The school was first certified to grant degrees by the Accrediting Commission for Community and Junior Colleges of the Western Association of Schools and Colleges in 1995 and reaffirmed its accreditation in 2001. It was later accredited by WASC Senior College & University Commission (WSCUC) in 2020.

In 2018, SJVC acquired Carrington College from Adtalem Global Education. Carrington College continues to operate under its own brand.

As of 2022, the school maintained 17 campuses in 16 California towns.

In 2025, Carrington College and San Joaquin Valley College realigned their programs to fill a need for more healthcare workers in the Central Valley of California. As a result, Carrington took over all nursing and allied healthcare training for the two schools with SJVC assuming all business, trade, and technical courses.

== SkyWest partnership ==
In 2022, the school renewed a relationship with SkyWest Airlines which offered tuition and job assistance to students enrolled in the aviation maintenance program. The 17-month program enrolled about 60 students and costs between $35,000 and $42,000. The partnership includes reimbursing students for licensing and testing fees, which can exceed $3,000.

== Vocational nursing program ==
Eisenhower Health, a hospital in the Coachella Valley, formed a partnership with SJVC in 2022 to provide training for the hospital's vocational nurses. Classes take place at the school's Rancho Mirage campus. Evening classes include nursing fundamentals, anatomy, and physiology. On the weekends, students complete clinical training at Eisenhower Health or nearby skilled nursing facilities.

The vocational nursing program is offered at the college's Visalia, Santa Maria, Bakersfield, and Rancho Mirage campuses.

The SJVC program is one of 135 similar programs launched in 2022 to address a persistent nationwide shortage of nurses.

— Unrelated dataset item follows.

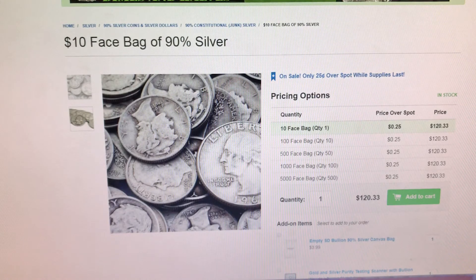Next item I have is from Estee Bullion. It is a $10 face value bag of 90% silver, and right now you can pick this up for only 25 cents over spot.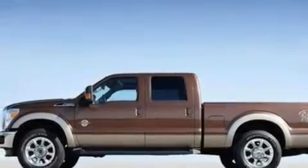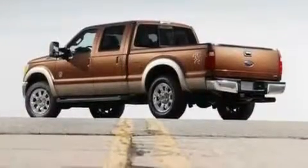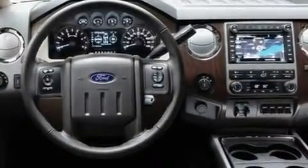Its top features include front and rear reading lights, an external temperature gauge, a trailer hitch receiver, an engine immobilizer theft deterrent system, a low-tire pressure indicator, traction control and stability control systems, an anti-lock braking system, side curtain airbags, and much more.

== Wage and hour lawsuits ==
SJVC is among several institutions in California sued for wage and hour violations since 2016. The suits claim that part-time professors have not been compensated for hours worked or provided with meal or rest breaks. Schools named in the suits include Stanford University, LMU, The University of San Diego, Point Loma Nazarene University and California Lutheran University, and The Art Institute of California's San Diego campus.